Well, there's a message when I launch about updating xformers (I will someday maybe) and I think it gives a hint?
Run that commandline thing... I think?


I've seen people recommend that you put VAEs in a subfolder. I.E:
>blah/models/stable diffusion/vae
The vae mostly determines color and you can select them manually or switch automatically if the name matches, as you said. I don't remember where those options are in Settings.

You can put this into the Quicksettings list under "User interface" in options and then the main screen will let you switch these around without needing to go into the Settings every time:
sd_model_checkpoint, sd_vae, CLIP_stop_at_last_layers


File:00064-1021740396.png (2.09 MB,1536x1024)
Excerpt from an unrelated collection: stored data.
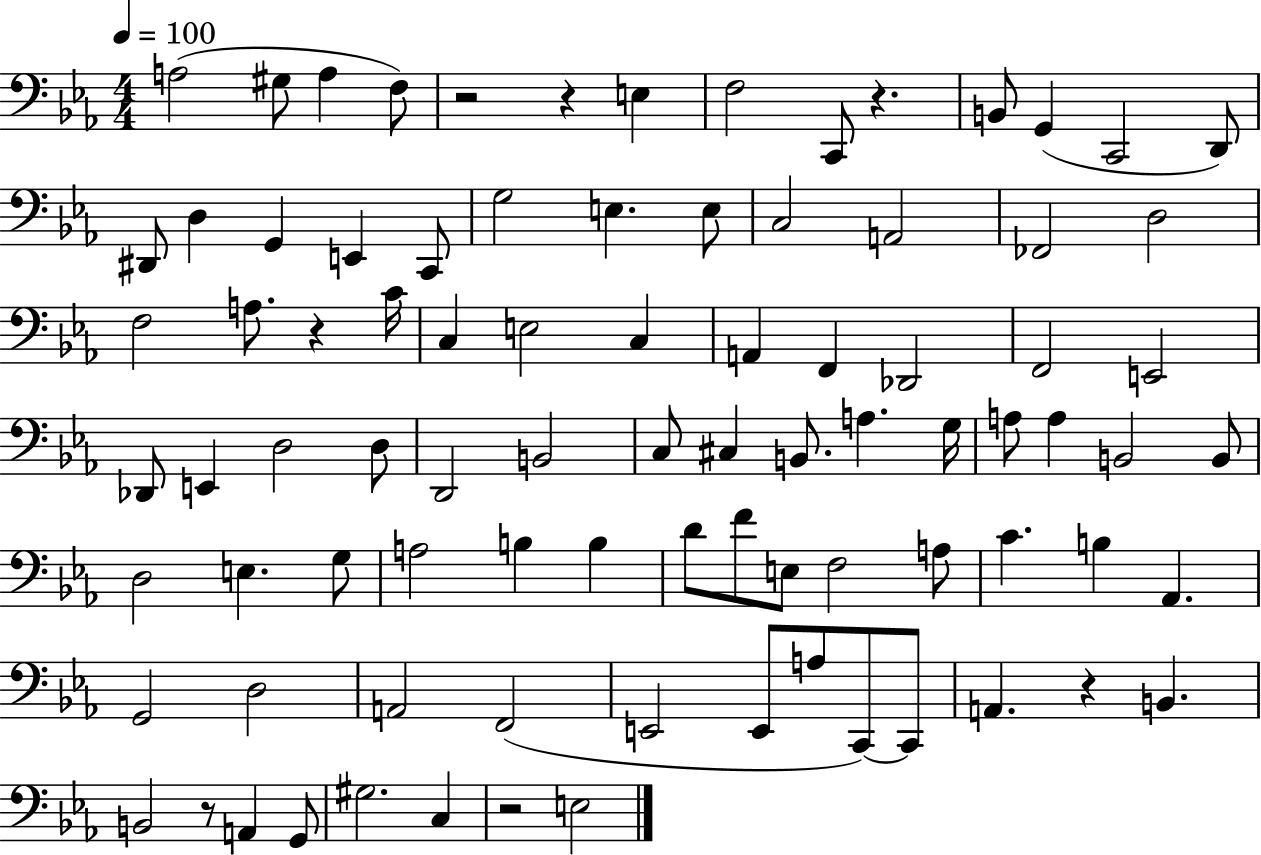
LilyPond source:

{
  \clef bass
  \numericTimeSignature
  \time 4/4
  \key ees \major
  \tempo 4 = 100
  a2( gis8 a4 f8) | r2 r4 e4 | f2 c,8 r4. | b,8 g,4( c,2 d,8) | \break dis,8 d4 g,4 e,4 c,8 | g2 e4. e8 | c2 a,2 | fes,2 d2 | \break f2 a8. r4 c'16 | c4 e2 c4 | a,4 f,4 des,2 | f,2 e,2 | \break des,8 e,4 d2 d8 | d,2 b,2 | c8 cis4 b,8. a4. g16 | a8 a4 b,2 b,8 | \break d2 e4. g8 | a2 b4 b4 | d'8 f'8 e8 f2 a8 | c'4. b4 aes,4. | \break g,2 d2 | a,2 f,2( | e,2 e,8 a8 c,8~~) c,8 | a,4. r4 b,4. | \break b,2 r8 a,4 g,8 | gis2. c4 | r2 e2 | \bar "|."
}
it's strange that almost all images itt don't use latent upscale, considering it lets you get much higher resolution and quality


File:03369-[AnyGrape Furrymix C….png (770.61 KB,816x1024)

Do you mean when you take a generated image and take it to the img2img tab, or do you mean the scaling "postprocessing" that does that automatically during generation? I don't do the first one, but I do the latter sometimes. The problem is that it's a total VRAM killer, so I go from generating 8 images at once to 2 or sometimes even 1.
Maybe I should try the "manual" scaling sometimes, but I just haven't felt the desire to do so. I like seeing the final image and not doing anything to do it afterwards because then it begins to resemble work since this stuff doesn't really satisfy the creative urges. I like setting it to generate a bunch of images and then doing something else, too.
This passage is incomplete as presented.